## What you have to do:
Any picture must be dropped, but each line of the data should be duplicated exactly.

## Information supplied:
• • •

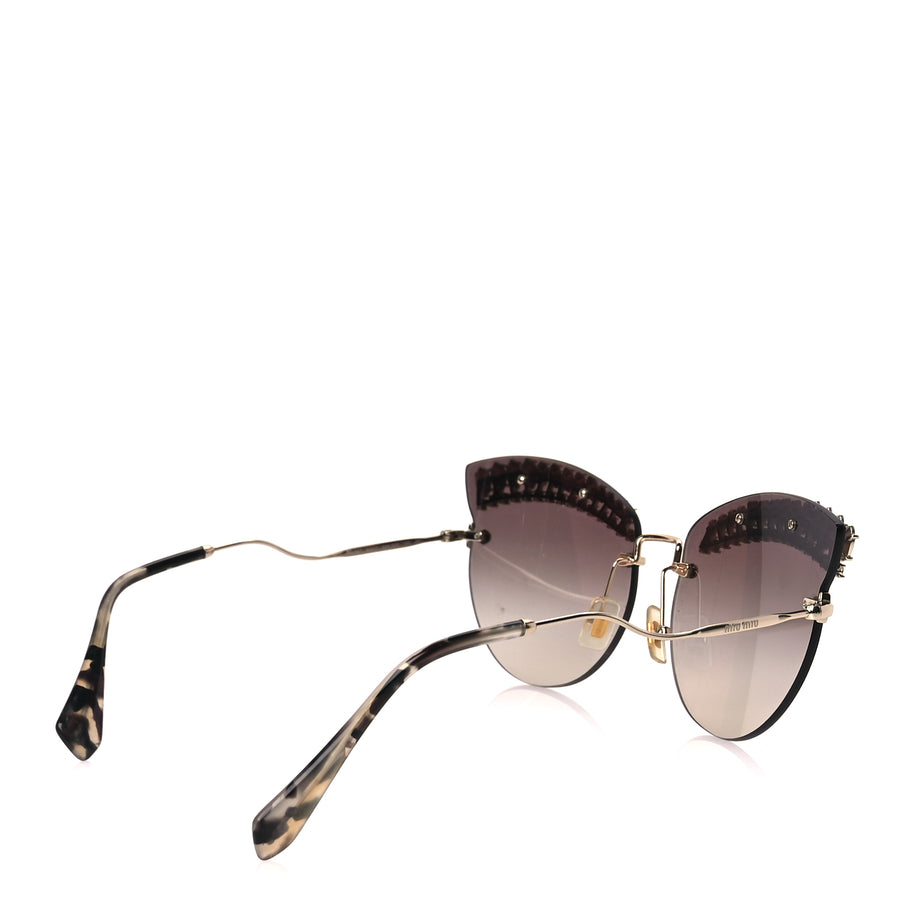Miu Miu Metal Crystal Cat Eye Sunglasses SMU58T Gold Grey Image 5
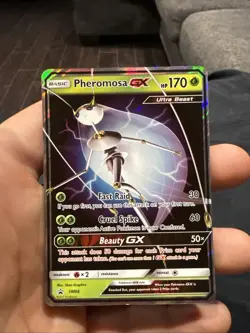 Pokemon TCG Pheromosa GX SM66 2017 Black Star Promo Card Dmg - Image 1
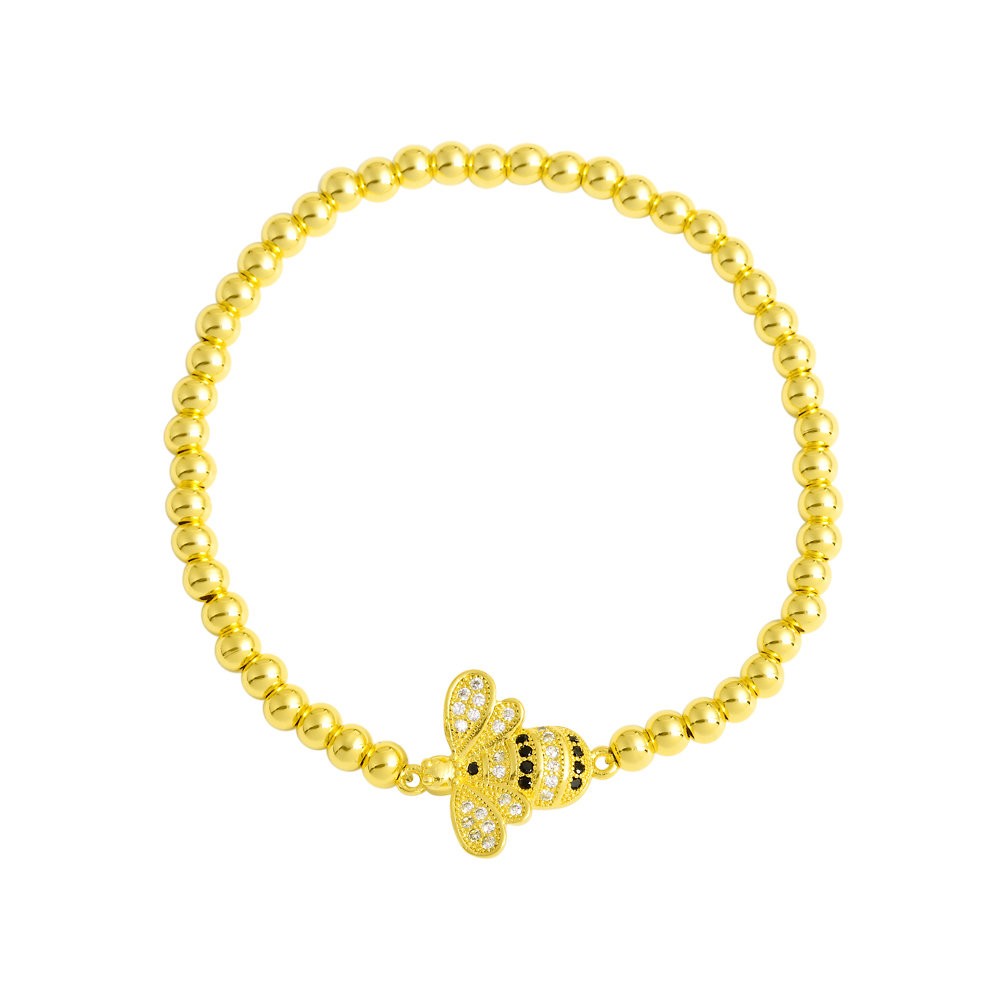 Stainless Steel Gold Tone Bumble Bee CZ beads Bracelet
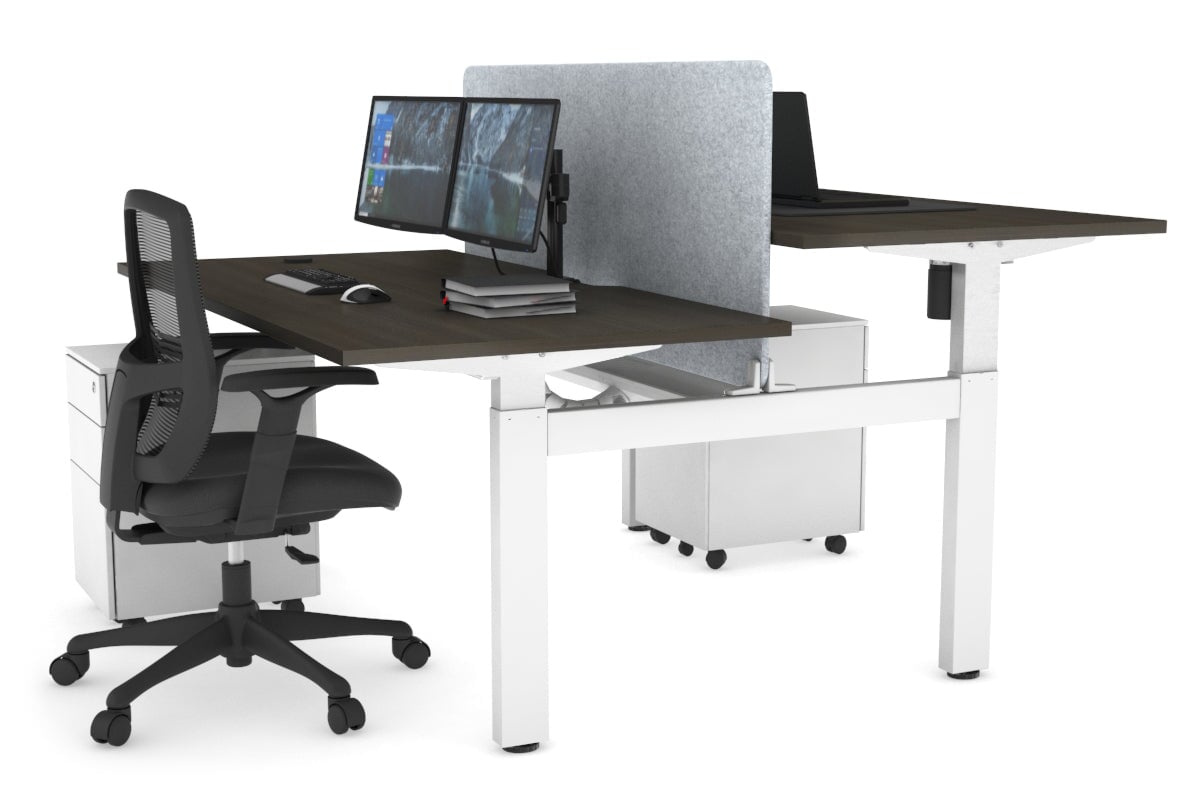 Just Right Height Adjustable 2 Person H-Bench Workstation - White Frame [1400L x 800W with Cable Scallop] Jasonl dark oak light grey echo panel (820H x 1200W) white cable tray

• • •

## Exercise response:
Miu Miu Metal Crystal Cat Eye Sunglasses SMU58T Gold Grey Image 5
 Pokemon TCG Pheromosa GX SM66 2017 Black Star Promo Card Dmg - Image 1
 Stainless Steel Gold Tone Bumble Bee CZ beads Bracelet
 Just Right Height Adjustable 2 Person H-Bench Workstation - White Frame [1400L x 800W with Cable Scallop] Jasonl dark oak light grey echo panel (820H x 1200W) white cable tray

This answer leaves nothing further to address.